### INPUT FOR THIS TASK

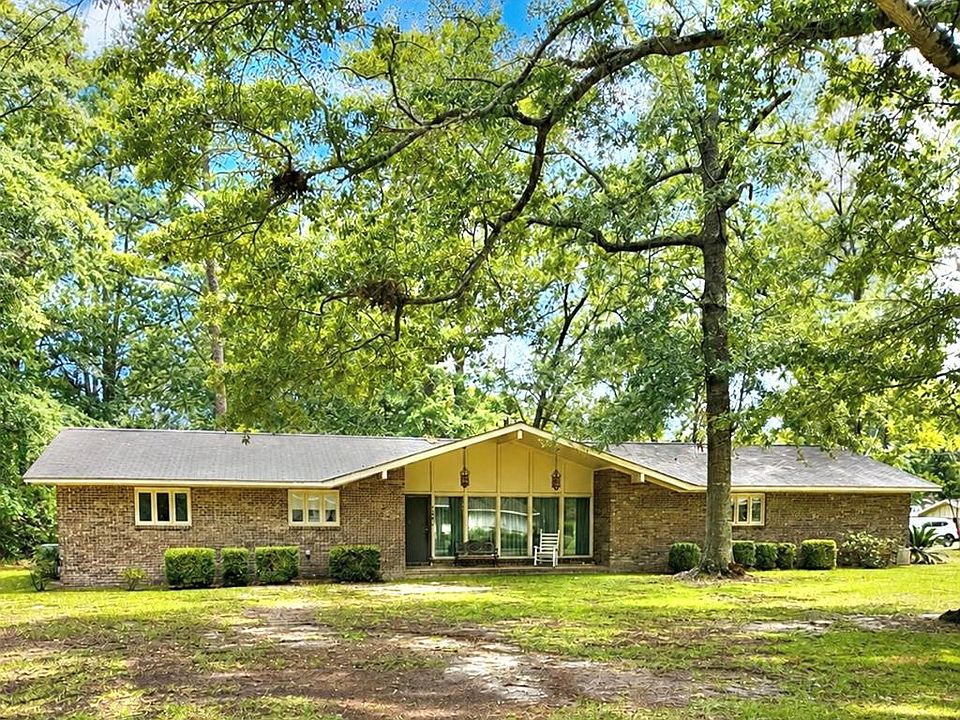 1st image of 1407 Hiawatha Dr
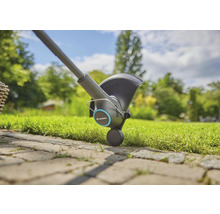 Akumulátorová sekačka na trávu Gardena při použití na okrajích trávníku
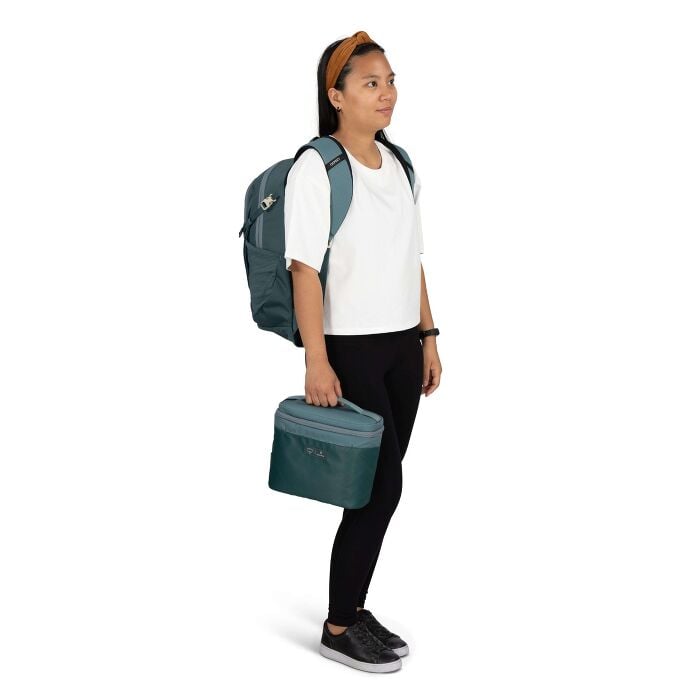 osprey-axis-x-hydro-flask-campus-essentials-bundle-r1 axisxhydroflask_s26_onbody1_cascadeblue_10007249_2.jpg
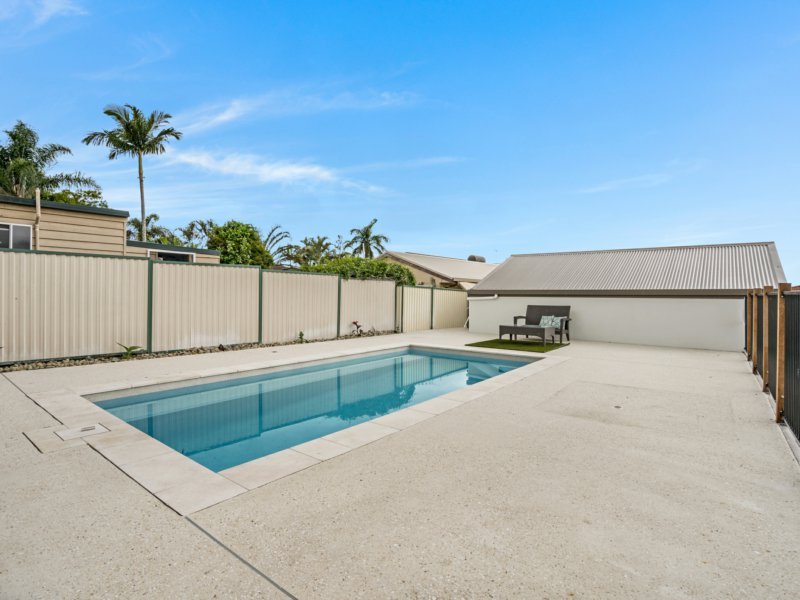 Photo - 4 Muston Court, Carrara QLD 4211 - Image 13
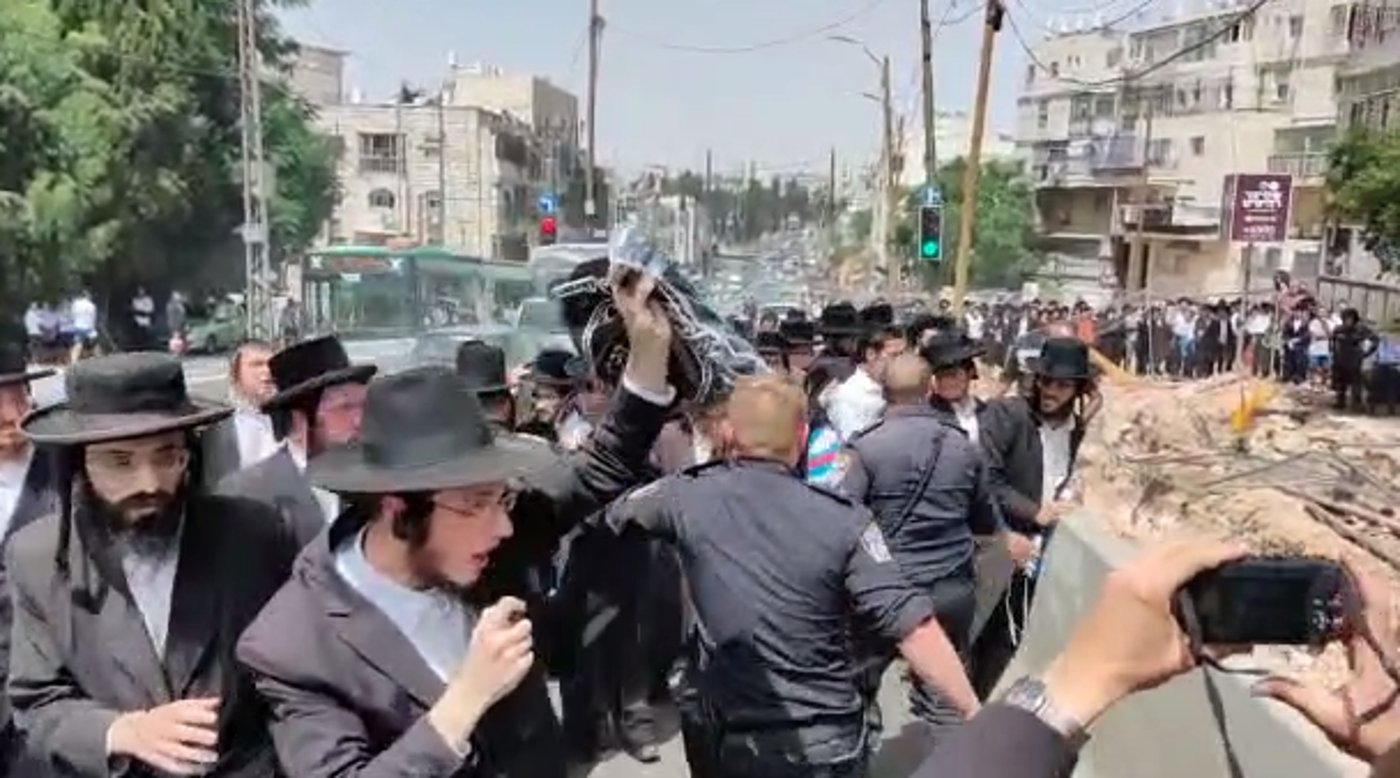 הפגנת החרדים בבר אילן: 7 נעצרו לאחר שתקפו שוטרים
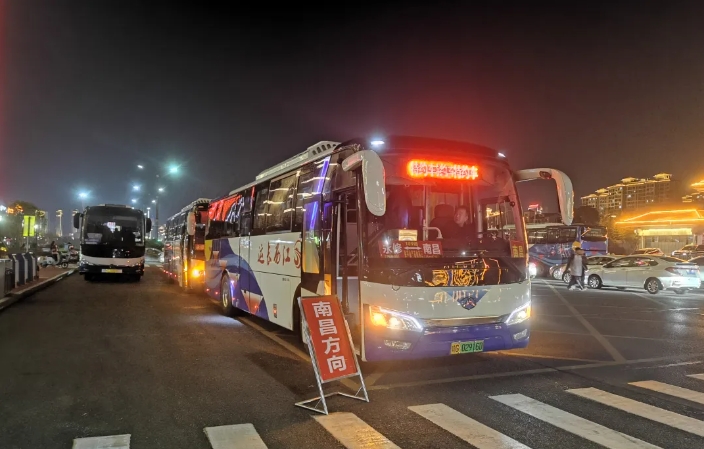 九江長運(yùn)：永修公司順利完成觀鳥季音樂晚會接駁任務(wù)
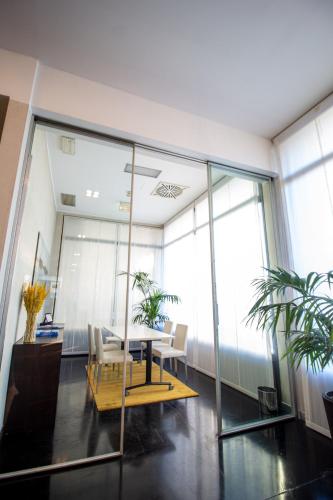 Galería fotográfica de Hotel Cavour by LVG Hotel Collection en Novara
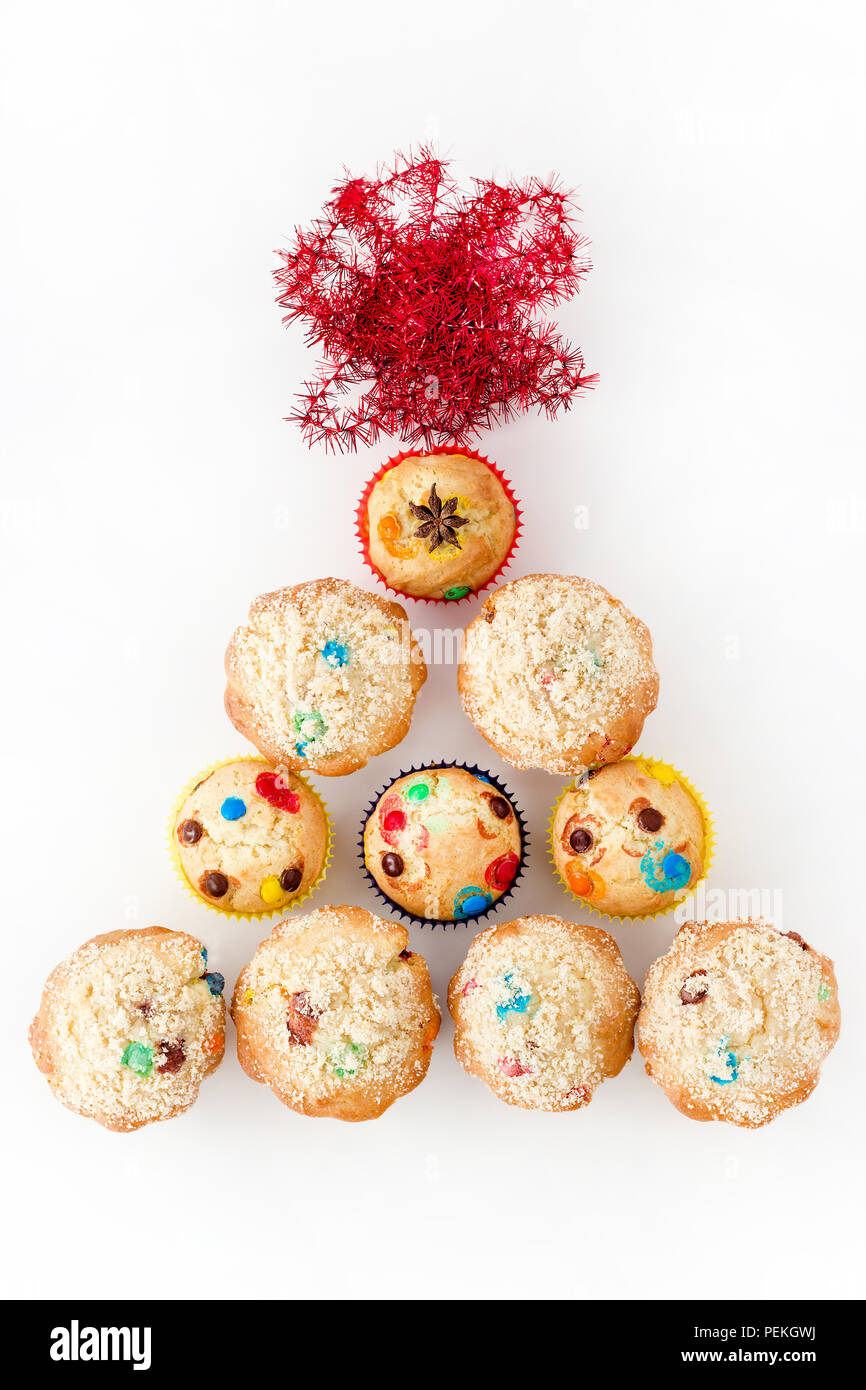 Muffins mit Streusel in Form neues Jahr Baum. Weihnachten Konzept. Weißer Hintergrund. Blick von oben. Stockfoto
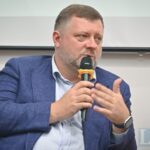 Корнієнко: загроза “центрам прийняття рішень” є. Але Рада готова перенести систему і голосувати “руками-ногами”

### TASK DESCRIPTION
From the line with "Galería fotográfica de" through the final line of the data above, copy everything exactly, both ends included, but not the pictures.

### REPLY TO THE TASK
 Galería fotográfica de Hotel Cavour by LVG Hotel Collection en Novara
 Muffins mit Streusel in Form neues Jahr Baum. Weihnachten Konzept. Weißer Hintergrund. Blick von oben. Stockfoto
 Корнієнко: загроза “центрам прийняття рішень” є. Але Рада готова перенести систему і голосувати “руками-ногами”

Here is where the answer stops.